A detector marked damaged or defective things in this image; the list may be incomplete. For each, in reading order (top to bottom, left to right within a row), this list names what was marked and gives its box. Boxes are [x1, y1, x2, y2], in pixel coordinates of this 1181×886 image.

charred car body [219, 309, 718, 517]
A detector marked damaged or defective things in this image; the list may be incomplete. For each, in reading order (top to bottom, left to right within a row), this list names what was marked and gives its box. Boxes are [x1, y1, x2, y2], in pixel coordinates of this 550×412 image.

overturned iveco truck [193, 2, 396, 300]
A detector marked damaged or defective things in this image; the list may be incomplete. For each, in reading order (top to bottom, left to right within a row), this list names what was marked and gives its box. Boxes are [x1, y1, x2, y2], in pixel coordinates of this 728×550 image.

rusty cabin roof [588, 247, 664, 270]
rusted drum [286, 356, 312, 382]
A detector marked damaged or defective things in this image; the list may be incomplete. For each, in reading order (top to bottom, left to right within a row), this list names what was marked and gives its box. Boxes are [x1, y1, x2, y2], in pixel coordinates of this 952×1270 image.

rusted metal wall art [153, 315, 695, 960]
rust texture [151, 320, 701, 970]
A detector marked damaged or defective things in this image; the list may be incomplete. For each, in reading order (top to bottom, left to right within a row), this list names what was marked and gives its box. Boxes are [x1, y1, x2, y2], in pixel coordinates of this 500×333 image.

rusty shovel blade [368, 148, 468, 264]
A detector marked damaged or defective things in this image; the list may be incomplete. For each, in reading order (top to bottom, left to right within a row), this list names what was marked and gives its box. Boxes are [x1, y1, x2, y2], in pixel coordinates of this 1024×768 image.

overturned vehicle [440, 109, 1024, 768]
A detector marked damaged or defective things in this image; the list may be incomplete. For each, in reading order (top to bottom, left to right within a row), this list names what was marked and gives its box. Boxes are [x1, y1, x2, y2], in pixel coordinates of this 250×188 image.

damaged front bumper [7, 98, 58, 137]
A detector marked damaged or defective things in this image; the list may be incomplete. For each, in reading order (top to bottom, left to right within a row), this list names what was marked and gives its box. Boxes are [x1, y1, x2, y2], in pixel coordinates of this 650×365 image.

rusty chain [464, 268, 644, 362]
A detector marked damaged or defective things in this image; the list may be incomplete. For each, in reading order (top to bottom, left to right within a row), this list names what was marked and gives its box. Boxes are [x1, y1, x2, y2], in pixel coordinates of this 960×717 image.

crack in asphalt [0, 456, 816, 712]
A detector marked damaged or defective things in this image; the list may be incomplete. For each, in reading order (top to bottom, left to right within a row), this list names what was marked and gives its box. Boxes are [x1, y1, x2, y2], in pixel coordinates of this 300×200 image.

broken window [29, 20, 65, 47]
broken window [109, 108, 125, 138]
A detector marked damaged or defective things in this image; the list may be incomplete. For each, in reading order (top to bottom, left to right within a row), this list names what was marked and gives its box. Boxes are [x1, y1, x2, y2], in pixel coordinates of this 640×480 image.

:::::

§ ABOUT THIS EXERCISE: Repeat exactly, and only, the lines from the one containing "this 960×717 image." through the last line above.

§ SOLUTION:
A detector marked damaged or defective things in this image; the list may be incomplete. For each, in reading order (top to bottom, left to right within a row), this list names what was marked and gives its box. Boxes are [x1, y1, x2, y2], in pixel coordinates of this 960×717 image.

crack in asphalt [0, 456, 816, 712]
A detector marked damaged or defective things in this image; the list may be incomplete. For each, in reading order (top to bottom, left to right within a row), this list names what was marked and gives its box. Boxes are [x1, y1, x2, y2], in pixel coordinates of this 300×200 image.

broken window [29, 20, 65, 47]
broken window [109, 108, 125, 138]
A detector marked damaged or defective things in this image; the list may be incomplete. For each, in reading order (top to bottom, left to right within a row), this list names what was marked and gives its box. Boxes are [x1, y1, x2, y2], in pixel coordinates of this 640×480 image.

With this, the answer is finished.